Malaysia’s side of the bargain is equally clear: jobs, technology transfer, and lasting economic spillover.

“This policy is structurally bullish for local automotive players with strong CKD exposure but carries notable risks regarding consumer accessibility and the pace of EV transition,” it said.

It also maintained a neutral stance on the broader auto sector, favoring names with local manufacturing muscle while staying selective on pure importers company.

The research house also highlighted three key risks to watch ahead.

Firstly, infrastructure “deployment trap” as slowing EV adoption reduces charger utilization, threatening return on investment (ROI) for operators like Gentari, ChargEV and JomCharge.

This may stall infrastructure expansion and slows broader EV ecosystem development, it noted.

Secondly, trade and investment risk as it sees aggressive protectionism targeting competitive Chinese segments may trigger trade retaliation.

This could deter foreign OEMs from choosing Malaysia as a regional manufacturing hub, shifting their future high-tech manufacturing investments (like battery plants) to regional neighbors, it added.

Thirdly, consumer backlash as excessive price barriers may drive buyers toward “gray market” reconditioned imports or prolonged internal combustion engine (ICE) usage.

The Malaysian Ministry of Investment, Trade and Industry (MITI) has recently introduced stricter import requirements for new CBU EVs under the Franchise AP system, effective July 1, 2026.

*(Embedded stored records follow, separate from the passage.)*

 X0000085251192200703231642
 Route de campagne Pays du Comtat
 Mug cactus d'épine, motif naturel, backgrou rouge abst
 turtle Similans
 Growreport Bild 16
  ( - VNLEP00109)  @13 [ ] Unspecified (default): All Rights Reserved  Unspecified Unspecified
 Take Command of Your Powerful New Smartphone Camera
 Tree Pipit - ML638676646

This protectionist measure, which comes after the end of broad CBU EV tax exemptions in December 2025, aims to accelerate localization and shield the domestic automotive ecosystem.

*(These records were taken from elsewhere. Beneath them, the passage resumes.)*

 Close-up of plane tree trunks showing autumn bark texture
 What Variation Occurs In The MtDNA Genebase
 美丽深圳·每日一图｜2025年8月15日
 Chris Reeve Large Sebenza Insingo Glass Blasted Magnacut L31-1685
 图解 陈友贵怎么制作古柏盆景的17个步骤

It is important to note that the MYR 200,000 ($50,333) CIF value refers only to the landed cost (cost, insurance and freight) before Malaysian duties, taxes and margins.

As such, qualifying CBU EVs are expected to retail at MYR 300,000 ($75500) – MYR 360,000+ ($90,600) OTR, depending on brand origin and specifications.

It is noted that Malaysia’s EV policy has followed a deliberate three-stage industrial strategy.

The first stage (2022–2025) offered full tax exemptions on CBU EVs to rapidly build market demand and awareness.

The second stage focused on incentives for CKD assembly and imported parts to encourage localization.

However, as many brands — particularly Chinese OEMs like BYD — continued to rely heavily on duty-free CBU imports, the government has now entered the third and more aggressive stage.

Having set a MYR 250,000 ($62,917) OTR floor for new CBU brands in late 2025, MITI has now gone a step further — imposing a MYR 200,000 ($50,333) CIF floor effective July 2026, which translates to roughly MYR 300,000 ($75,500) to MYR 360,000 ($90,600) at the showroom.

“The message to foreign players is clear: commit to local assembly or exit the mass market,” said BIMB.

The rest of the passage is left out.